Task brief: Everything in the listing below should be repeated exactly, apart from the pictures.

Raw data:
----------------

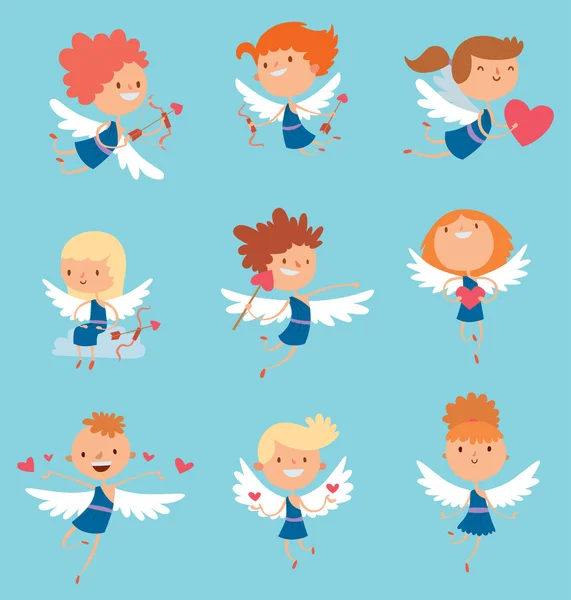 San Valentino cupido angeli cartone animato stile vettoriale illustrazione — Vettoriale Stock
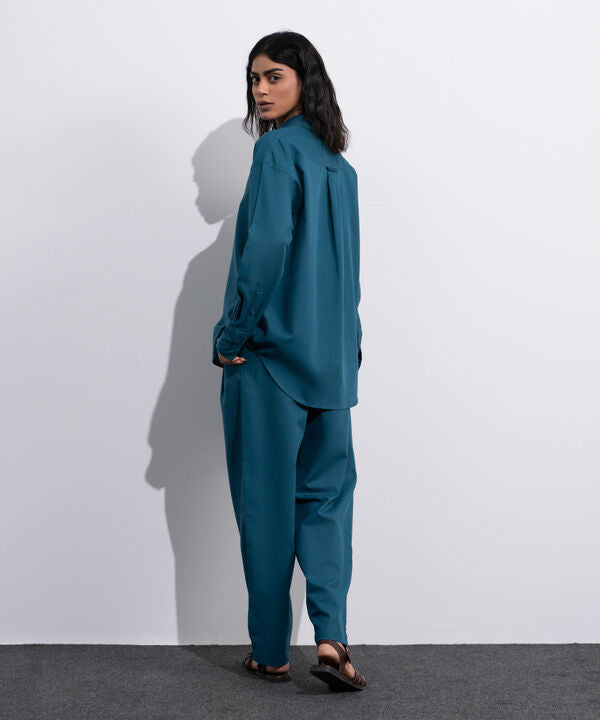 Button-Through Linen Blend Shirt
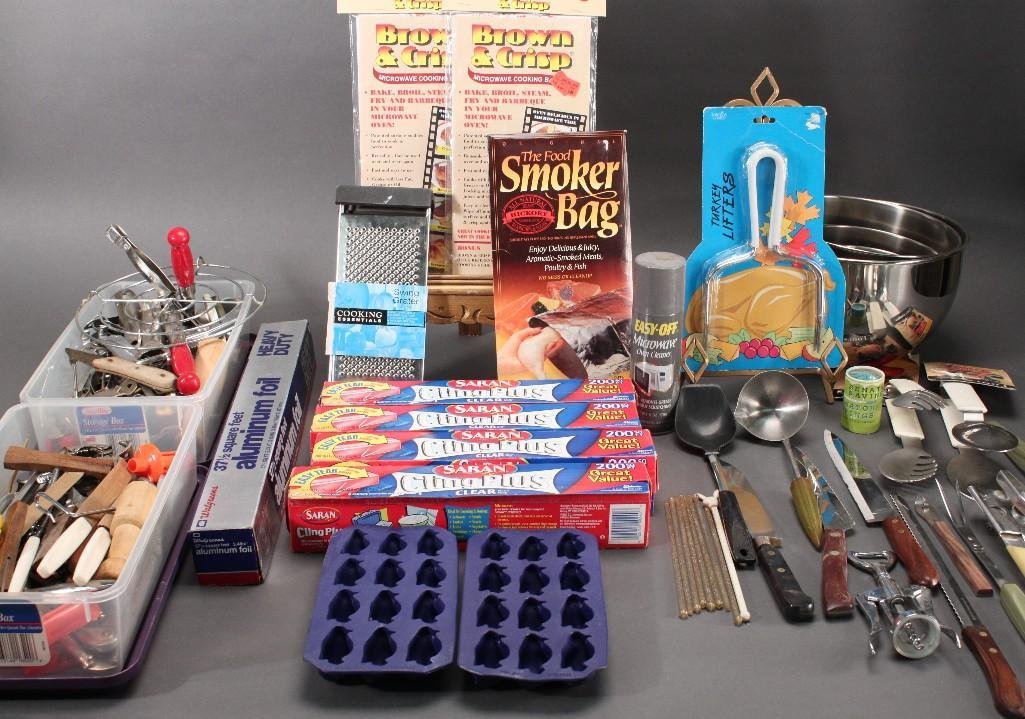 Home Goods: CAN NOT BE SHIPPED. MUST BE PICKED UP!!!! Four rolls of Saran cling plus wrap, roll of aluminum foil, microwave oven cleaner, ice trays, utensils, bowls, and much more.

----------------

Solution for this task:
 San Valentino cupido angeli cartone animato stile vettoriale illustrazione — Vettoriale Stock
 Button-Through Linen Blend Shirt
 Home Goods: CAN NOT BE SHIPPED. MUST BE PICKED UP!!!! Four rolls of Saran cling plus wrap, roll of aluminum foil, microwave oven cleaner, ice trays, utensils, bowls, and much more.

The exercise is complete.